Re: 4/20 nodes get disproportionate amount of mutations

Posted by Jeremy Hanna <je...@gmail.com>.

I just mean that when it tries to put a replica on another "rack" which is part of what the replication strategy does in case a whole rack goes down, it looks to the next token in the ring that is on another rack.  If you don't alternate racks (or in this case availability zones) in token order, that can lead to serious hotspots.  For more on this with ec2, see: http://www.slideshare.net/mattdennis/cassandra-on-ec2/5 where he talks about alternating zones.

On Aug 25, 2011, at 10:45 AM, mcasandra wrote:

> Thanks for the update
> 
> Jeremy Hanna wrote:
>> 
>> It appears though that when choosing the non-local replicas, it looks for
>> the next token in the ring of the same rack and the next token of a
>> different rack (depending on which it is looking for).  
> 
> Can you please explain this little more?
> 
> 
> --
> View this message in context: http://cassandra-user-incubator-apache-org.3065146.n2.nabble.com/4-20-nodes-get-disproportionate-amount-of-mutations-tp6714958p6724943.html
> Sent from the cassandra-user@incubator.apache.org mailing list archive at Nabble.com.

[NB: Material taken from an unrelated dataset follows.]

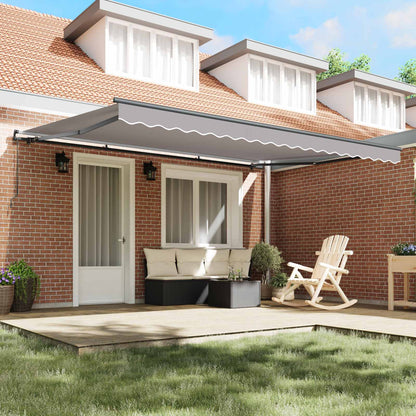 Retractable Awning Light Grey 450 x 350 cm Polyester and Steel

Re: 4/20 nodes get disproportionate amount of mutations

Posted by mcasandra <mo...@gmail.com>.

Thanks for the update

Jeremy Hanna wrote:
> 
> It appears though that when choosing the non-local replicas, it looks for
> the next token in the ring of the same rack and the next token of a
> different rack (depending on which it is looking for).  

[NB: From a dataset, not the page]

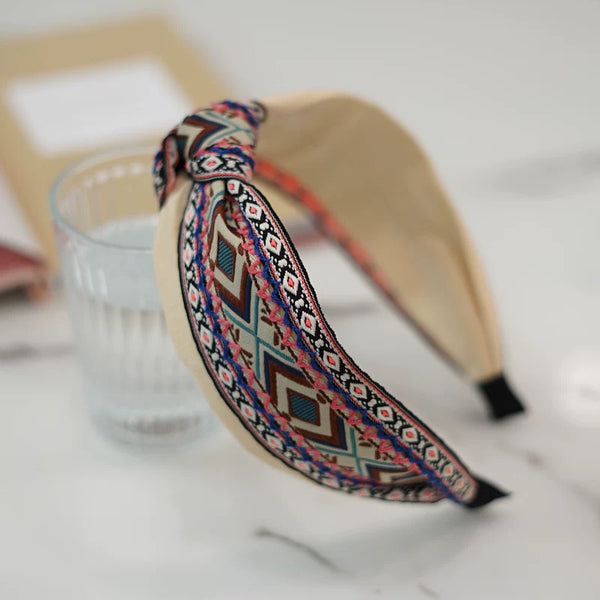 Bohemian Ethnic Wind Embroidery Knotted Headband High Skull Top Big Head Circumference Hair Hole Headband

Can you please explain this little more?


--
View this message in context: http://cassandra-user-incubator-apache-org.3065146.n2.nabble.com/4-20-nodes-get-disproportionate-amount-of-mutations-tp6714958p6724943.html
Sent from the cassandra-user@incubator.apache.org mailing list archive at Nabble.com.

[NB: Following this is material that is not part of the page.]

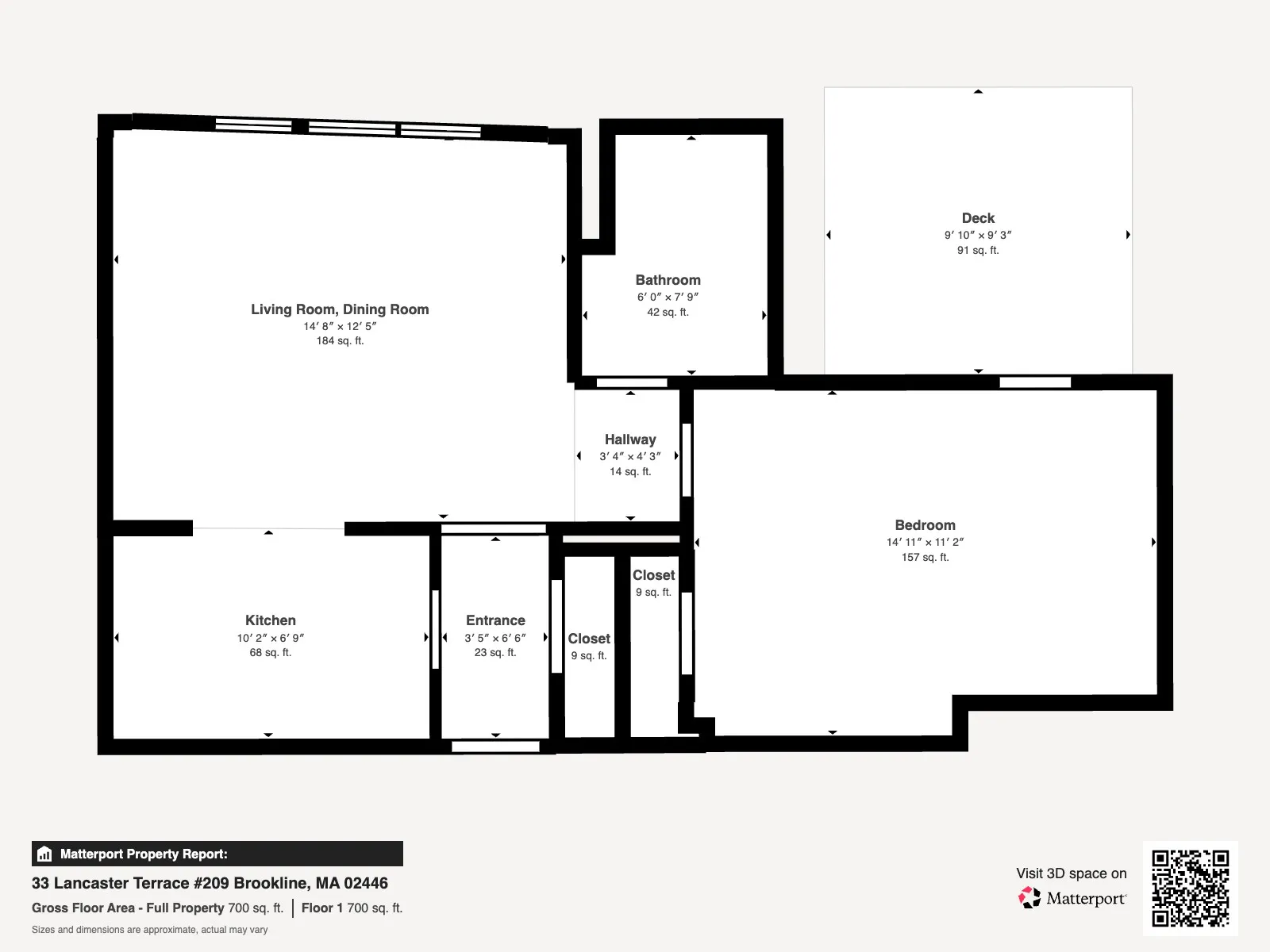 1 bed, 1 bath apartment for rent at 33 Lancaster Ter Unit 209, Corey Hill — photo 13 of 16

Re: 4/20 nodes get disproportionate amount of mutations

Posted by Jeremy Hanna <je...@gmail.com>.

As somewhat of a conclusion to this thread, we have resolved the major issue having to do with the hotspots.  We were balanced between availability zones in aws/ec2 us-east - a,b,c with the number of nodes in our cluster.  However we didn't alternate by rack with the token order.  We are using the property file snitch and had defined each node as being part of a single DC (for now) and a rack (a-c).  But we should have made the tokens in order go from a to b to c with their rack.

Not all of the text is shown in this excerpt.